**Information provided**
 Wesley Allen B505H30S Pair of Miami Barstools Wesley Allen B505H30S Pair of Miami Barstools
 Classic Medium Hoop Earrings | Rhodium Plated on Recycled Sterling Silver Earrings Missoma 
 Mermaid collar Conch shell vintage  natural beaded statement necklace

---

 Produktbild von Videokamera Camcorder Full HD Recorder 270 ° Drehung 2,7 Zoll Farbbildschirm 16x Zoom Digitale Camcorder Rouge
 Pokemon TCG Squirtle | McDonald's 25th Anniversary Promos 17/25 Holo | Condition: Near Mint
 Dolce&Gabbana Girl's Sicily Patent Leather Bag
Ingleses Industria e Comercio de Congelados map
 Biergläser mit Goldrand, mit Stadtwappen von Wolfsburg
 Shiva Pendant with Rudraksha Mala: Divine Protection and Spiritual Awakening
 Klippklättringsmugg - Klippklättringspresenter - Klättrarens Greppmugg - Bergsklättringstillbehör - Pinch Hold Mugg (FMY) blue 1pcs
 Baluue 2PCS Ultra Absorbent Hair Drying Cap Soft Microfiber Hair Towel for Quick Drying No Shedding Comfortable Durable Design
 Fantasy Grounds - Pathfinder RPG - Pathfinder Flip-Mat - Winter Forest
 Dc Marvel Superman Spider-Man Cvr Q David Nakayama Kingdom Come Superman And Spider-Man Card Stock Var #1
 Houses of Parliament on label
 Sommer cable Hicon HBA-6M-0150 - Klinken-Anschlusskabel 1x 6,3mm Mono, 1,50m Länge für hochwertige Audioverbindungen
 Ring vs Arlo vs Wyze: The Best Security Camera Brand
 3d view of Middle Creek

**Exercise brief**
Your answer should be the lines of the listing above between the line holding "Fantasy Grounds - Pathfinder" and the line holding "3d view of Middle Creek", inclusive, restated word for word and alone.

**Response**
 Fantasy Grounds - Pathfinder RPG - Pathfinder Flip-Mat - Winter Forest
 Dc Marvel Superman Spider-Man Cvr Q David Nakayama Kingdom Come Superman And Spider-Man Card Stock Var #1
 Houses of Parliament on label
 Sommer cable Hicon HBA-6M-0150 - Klinken-Anschlusskabel 1x 6,3mm Mono, 1,50m Länge für hochwertige Audioverbindungen
 Ring vs Arlo vs Wyze: The Best Security Camera Brand
 3d view of Middle Creek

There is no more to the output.